Dunia mungkin saja melupakan tragedi ini, tapi tidak bagi warga Irak khususnya Ali Hussein Kadhim. Tanggal 12 Juni 2014, Ali sedang menunggu giliran kepalanya ditembak. Dia urutan keempat dalam barisan eksekusi. Ketika orang ketiga ditembak, darah hangat syahid itu memercik ke wajah Ali. Pasrah sudah, tak ada lagi ketakutan dalam diri Ali. Namun sontak, bayangan tentang putrinya yang masih kecil muncul memanggil dirinya.
Sekejap peluru keempat melewati kepalanya, Ali langsung jatuh tersungkur. Peluru itu melewatinya entah ke mana, tapi Ali berpura-pura mati. Sesaat kemudian, eksekutor yang melewati tumpukan mayat melihat tubuh yang masih bernafas. Anggota teroris yang lain berkata, “Biarkan dia menderita! Dia cuma orang Syiah kafir!”

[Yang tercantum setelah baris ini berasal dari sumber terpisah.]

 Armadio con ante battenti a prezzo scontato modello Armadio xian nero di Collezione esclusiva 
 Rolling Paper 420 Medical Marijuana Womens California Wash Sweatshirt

Ali memutuskan untuk menjadi tentara Irak karena kesulitan ekonomi. Dia hanyalah satu dari ribuan taruna yang ditempatkan di Kamp Speicher yang berlokasi dekat kota Tikrit. Kisah pilu ribuan tentara muda ini adalah cermin buruknya militer Irak hasil didikan Amerika Serikat meski berbiaya miliaran dolar. Lebih dari 5.000 taruna tak bersenjata ditempatkan di kamp. Komandan militer yang masih merindukan Saddam mengistirahatkan para kadet pulang ke rumah, tapi harus menggunakan pakaian sipil.
Ternyata semua itu jebakan. Militer sedang menyerahkan tarunanya kepada ISIS. Saat berjalan mencari tumpangan yang membawa mereka ke Baghdad, dua bus berisi 10 pria bersenjata menghentikan tentara muda itu. Salah satu bus dikendarai oleh putra saudara tiri Saddam. Beberapa bus tambahan berisi anggota ISIS muncul dan berkata, “Jangan takut… kami akan membawa kalian ke Baghdad.” Lagi, semua itu hanyalah jebakan.

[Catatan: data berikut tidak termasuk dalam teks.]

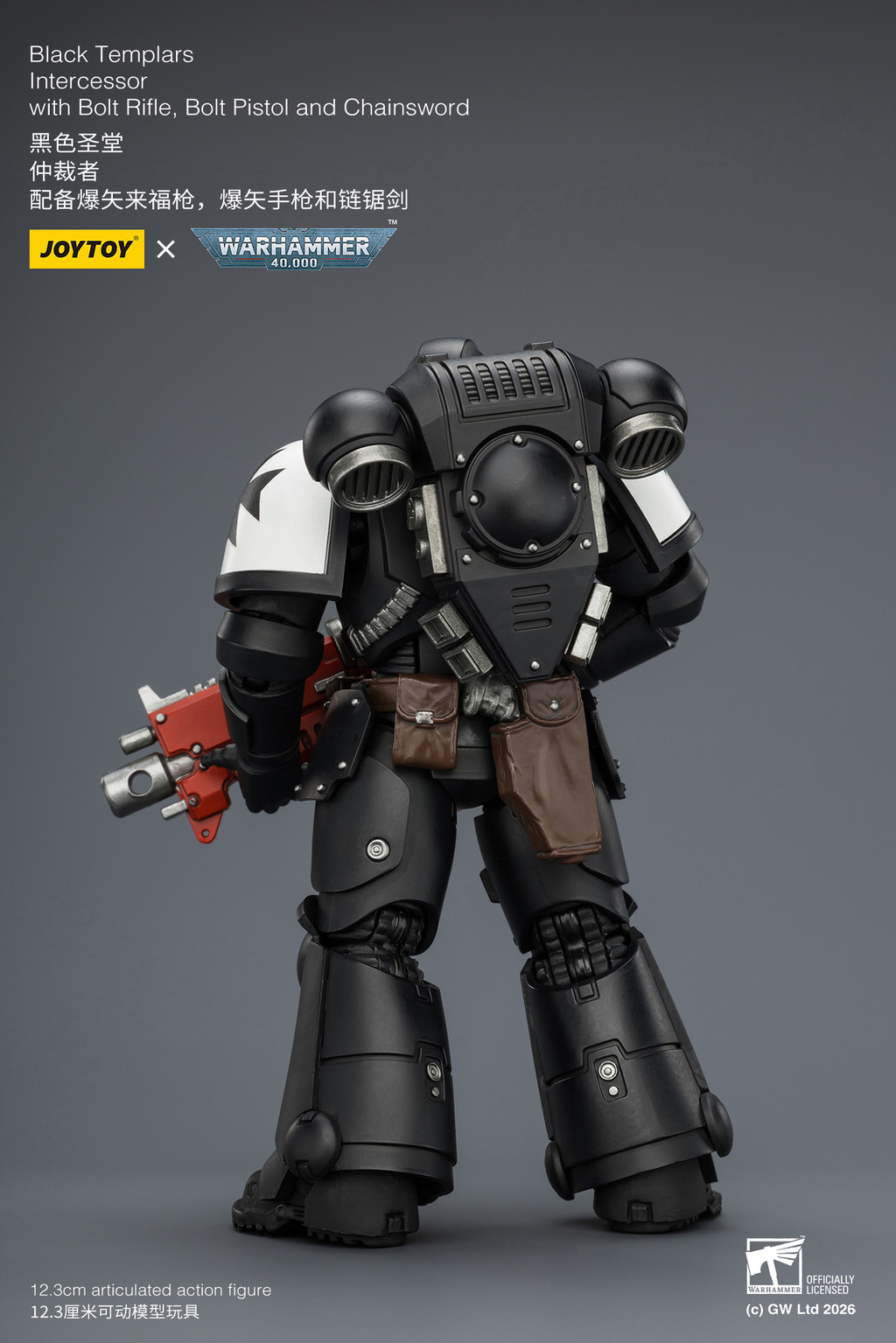 Black Templars Intercessor with Bolt Rifle, Bolt Pistol and Chainsword - view 12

Tikrit adalah tumpah darah Saddam Hussein. Beberapa pejabat rezim Saddam yang kini menjadi komandan ISIS akan membalas dendam. Mereka memilah ribuan taruna tersebut: ahlusunah boleh pulang, tapi Syiah dibawa ke istana Tikrit. Selama tiga hari berikutnya, ISIS membunuh lebih dari seribu taruna Syiah di sekitar istana, gurun, dan pinggir sungai Tigris. Jumlahnya diperkirakan menjadi 1.700 orang.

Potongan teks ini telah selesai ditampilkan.